Just the other day, I was discussing with my boss what he and I will wear for the opening reception of our new exhibit Friday night. Usually, we each wear a suit, but since it will be outside, we were trying to decide if we should be less formal. I still haven’t decided, but I will probably wear a shirt and tie, and have a suit jacket with me, just in case. I just need to go through my shirts and see what still fits well enough for me to wear a tie. Since I have lost some weight, some of my shirts are way too loose on me, but the determining factor will be how they fit in the neck. I have always had a thick neck, so finding a dress shirt I can wear a tie with can be a challenge at times.

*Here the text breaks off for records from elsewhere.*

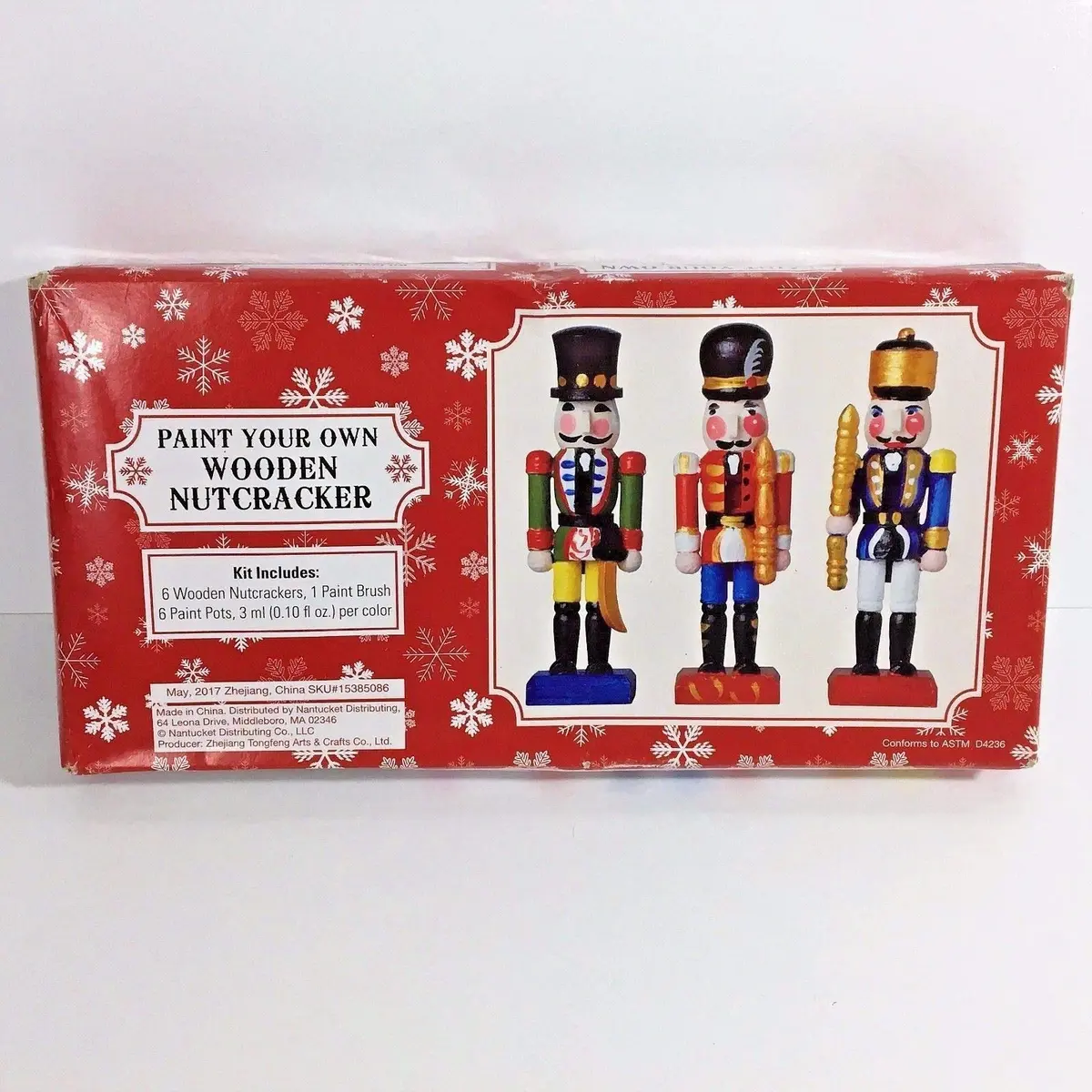 Paint Your Own 5" Mini Wooden Nutcrackers Christmas Craft Kit Box Set of 6 DIY | Unpainted Wooden Nutcrackers for Kids & Adults - view 3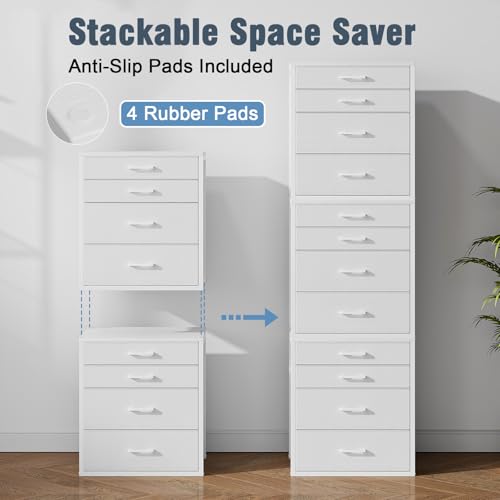 Espelism Closet Drawers with 4 Fabric Drawers, Stackable Closet Organizer | Storage dresser for clothes, accessories and essentials. Ideal for bedroom, office and dorm organization.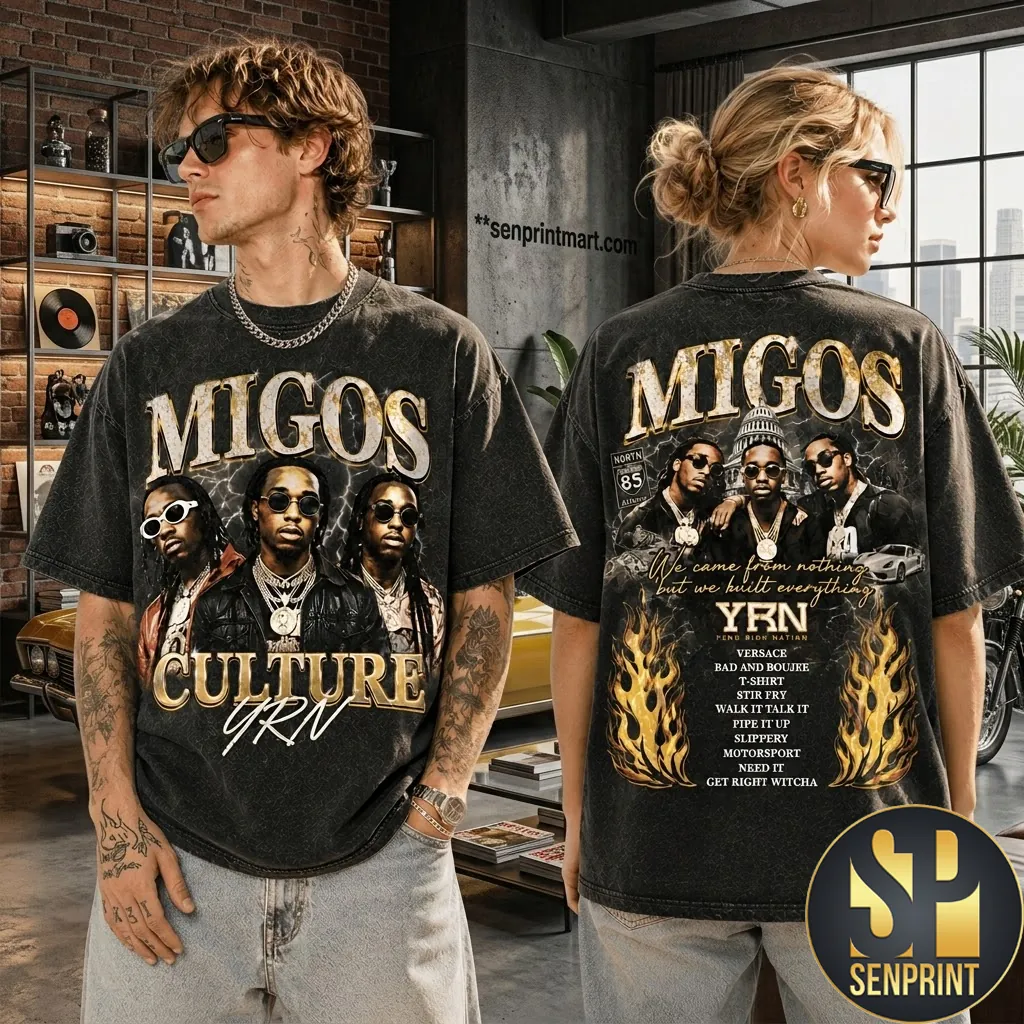 Migos Culture YRN Hip Hop Graphic Vintage Style T-Shirt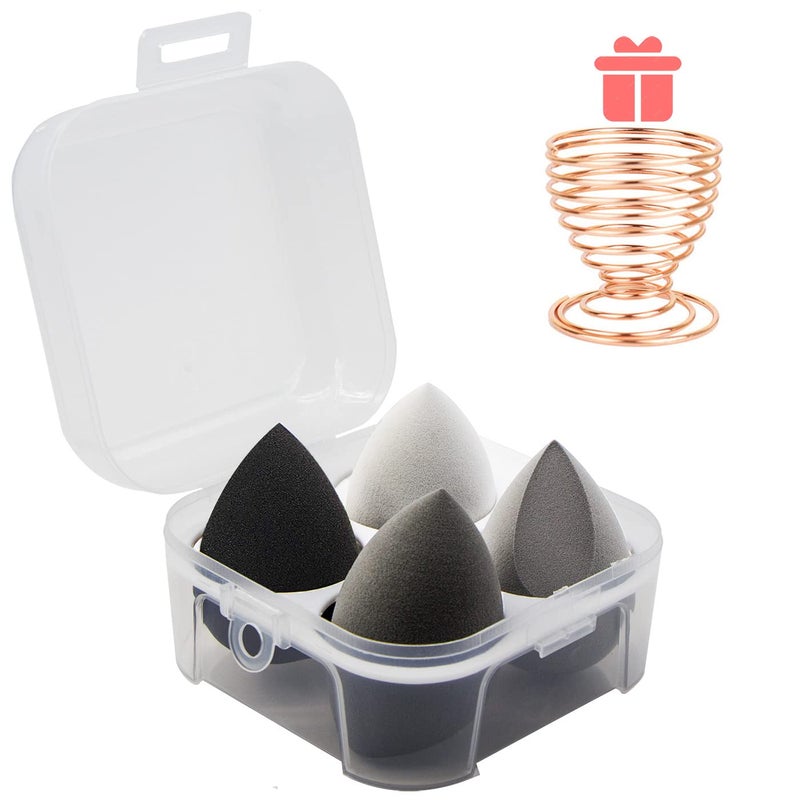 5 Pcs Makeup Sponges Set  4 Beauty sponges Blending Blenders with 1 Holder and Egg Case Flawless for Cream Powder and Liquid Black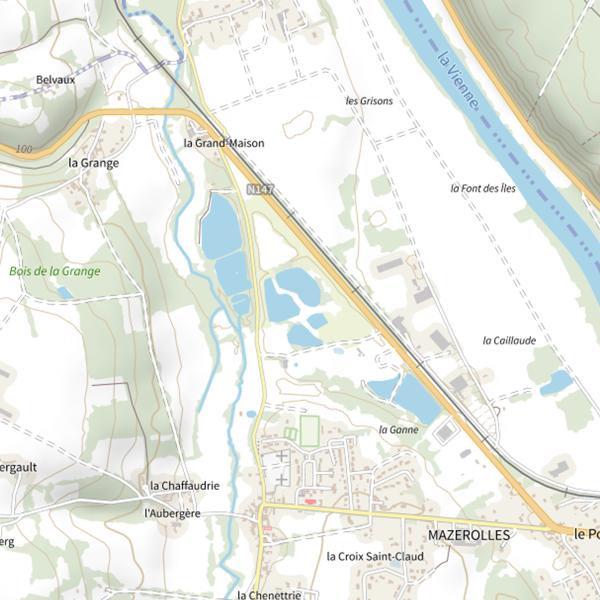 Plan cartographique de Plan d'Eau de Mazerolles (Mazerolles)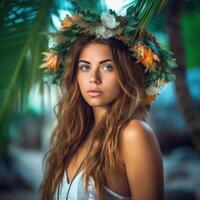 Portrait of an Attractive Young Woman on Tropical Beach Generative AI photo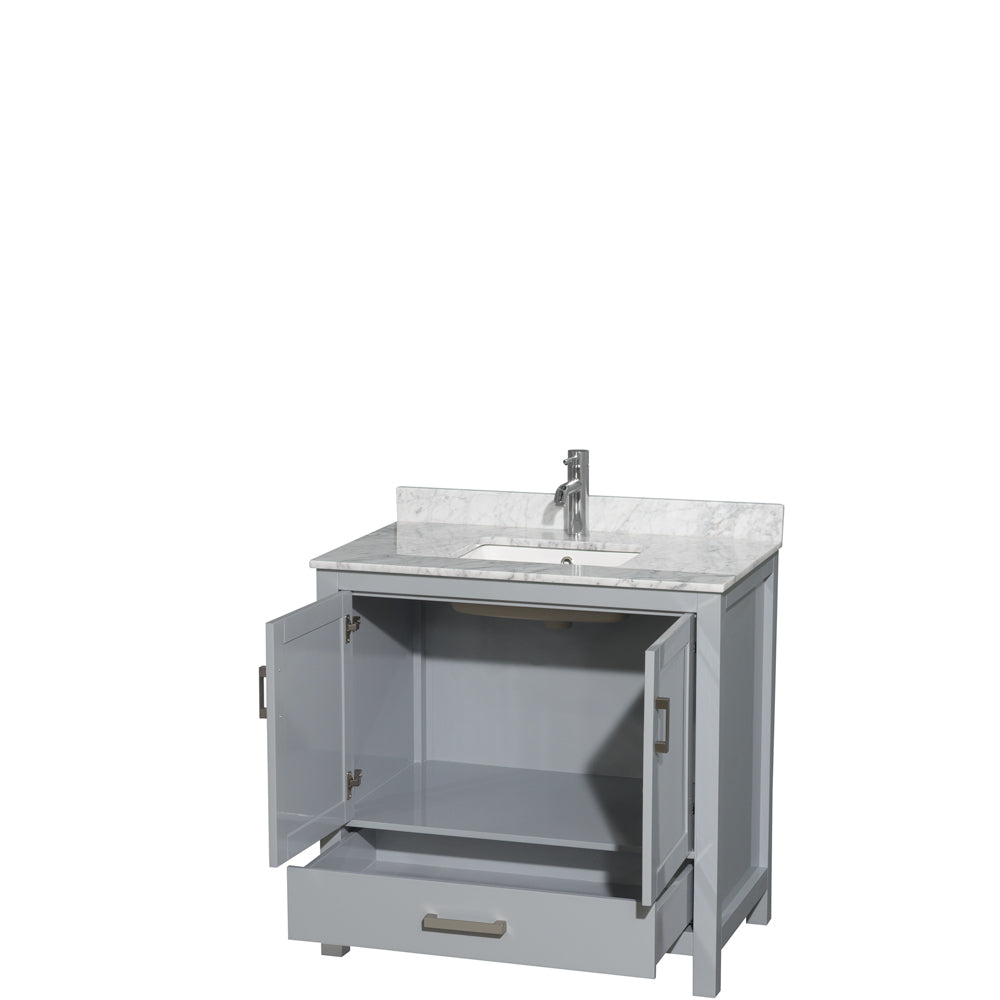 Sheffield 36 Inch Single Bathroom Vanity in Gray White Carrara Marble Countertop Undermount Square Sink and No Mirror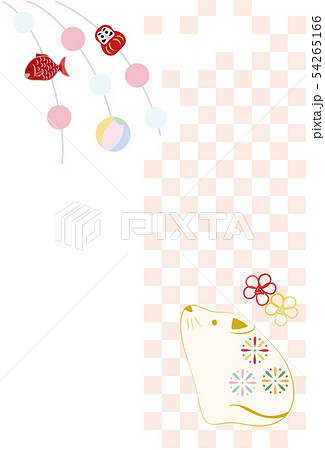 ネズミの人形と吊るし飾りの年賀状イラスト 54265166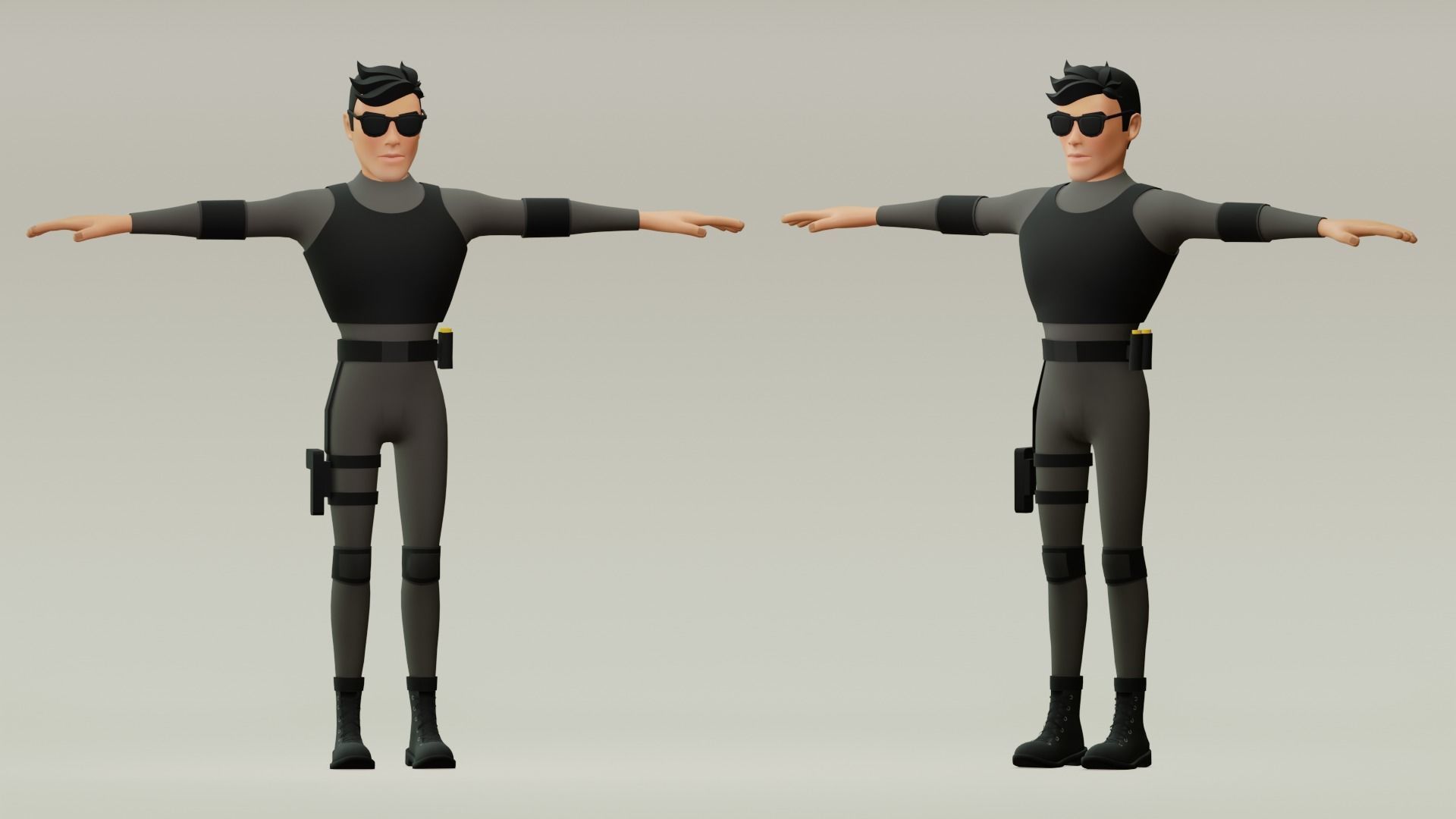 Male cartoon character with 4 outfit Low-poly 3D model_12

Museum receptions aside, I often dress in clothes that make me feel good. I don’t have a body that looks great in everything, but I wear what makes me feel confident and good. My personal rules for fashion extend to undergarments, shoes, and accessories. Most of the time, no one will ever see what underwear I have on, but they make me feel sexy, whether I actually look sexy in them or not. It’s how they make me feel that is important. The lawyer I used to work for told me that she always wore nice shoes when she’d be in court because women on a jury often noticed another woman’s shoes. That is probably sexist today, but when she went to law school in the 1970s, she was one of only two women in the University of Alabama Law School. She was used to being judged differently from male lawyers. So, I follow her advice and I like to wear a nice pair of shoes that will match my outfit. I don’t mind paying a little extra for a pair of shoes that look good, but they also have to be comfortable.

Maybe it’s shallow of me to care so much about my outward appearance, but I was always taught to take PRIDE in the way I look. Obviously, if I was very strict with myself about this, I would not have a weight problem, but that is a whole other issue. What do you think your sense of fashion says about you? Do you feel better wearing certain clothes? Do you put comfort ahead of fashion?